--- GIVEN RECORDS ---

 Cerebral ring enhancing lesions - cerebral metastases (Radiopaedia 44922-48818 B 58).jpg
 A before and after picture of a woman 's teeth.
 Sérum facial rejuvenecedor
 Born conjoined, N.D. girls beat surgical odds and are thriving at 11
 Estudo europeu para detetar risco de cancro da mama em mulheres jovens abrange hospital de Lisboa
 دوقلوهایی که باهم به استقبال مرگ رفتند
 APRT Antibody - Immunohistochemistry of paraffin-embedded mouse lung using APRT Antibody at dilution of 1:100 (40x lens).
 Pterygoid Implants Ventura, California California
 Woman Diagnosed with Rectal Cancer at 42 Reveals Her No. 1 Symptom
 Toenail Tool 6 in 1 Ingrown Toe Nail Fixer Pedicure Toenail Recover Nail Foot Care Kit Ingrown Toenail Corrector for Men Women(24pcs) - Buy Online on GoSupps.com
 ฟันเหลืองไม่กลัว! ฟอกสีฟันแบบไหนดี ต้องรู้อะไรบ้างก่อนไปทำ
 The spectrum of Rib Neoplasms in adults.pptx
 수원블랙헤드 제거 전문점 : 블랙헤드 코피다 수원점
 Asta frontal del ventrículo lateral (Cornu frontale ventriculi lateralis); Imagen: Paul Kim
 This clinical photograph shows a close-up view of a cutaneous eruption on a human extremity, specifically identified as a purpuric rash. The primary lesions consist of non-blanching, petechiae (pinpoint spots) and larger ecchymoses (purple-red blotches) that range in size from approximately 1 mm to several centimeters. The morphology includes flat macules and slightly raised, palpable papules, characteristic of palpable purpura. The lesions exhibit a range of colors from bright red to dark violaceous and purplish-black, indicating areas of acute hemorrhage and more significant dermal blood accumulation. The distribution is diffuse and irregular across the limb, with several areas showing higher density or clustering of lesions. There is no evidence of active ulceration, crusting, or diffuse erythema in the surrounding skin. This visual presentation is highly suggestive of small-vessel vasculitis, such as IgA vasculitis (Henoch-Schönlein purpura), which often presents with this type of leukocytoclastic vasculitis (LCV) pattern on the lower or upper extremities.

---

**INSTRUCTIONS FOR THE TASK**
Each line in the listing above from the one containing "Woman Diagnosed with" through the one containing "수원블랙헤드 제거 전문점 : 블랙헤드 코피다 수원점" should be repeated exactly, and no other line.

**REPLY**
 Woman Diagnosed with Rectal Cancer at 42 Reveals Her No. 1 Symptom
 Toenail Tool 6 in 1 Ingrown Toe Nail Fixer Pedicure Toenail Recover Nail Foot Care Kit Ingrown Toenail Corrector for Men Women(24pcs) - Buy Online on GoSupps.com
 ฟันเหลืองไม่กลัว! ฟอกสีฟันแบบไหนดี ต้องรู้อะไรบ้างก่อนไปทำ
 The spectrum of Rib Neoplasms in adults.pptx
 수원블랙헤드 제거 전문점 : 블랙헤드 코피다 수원점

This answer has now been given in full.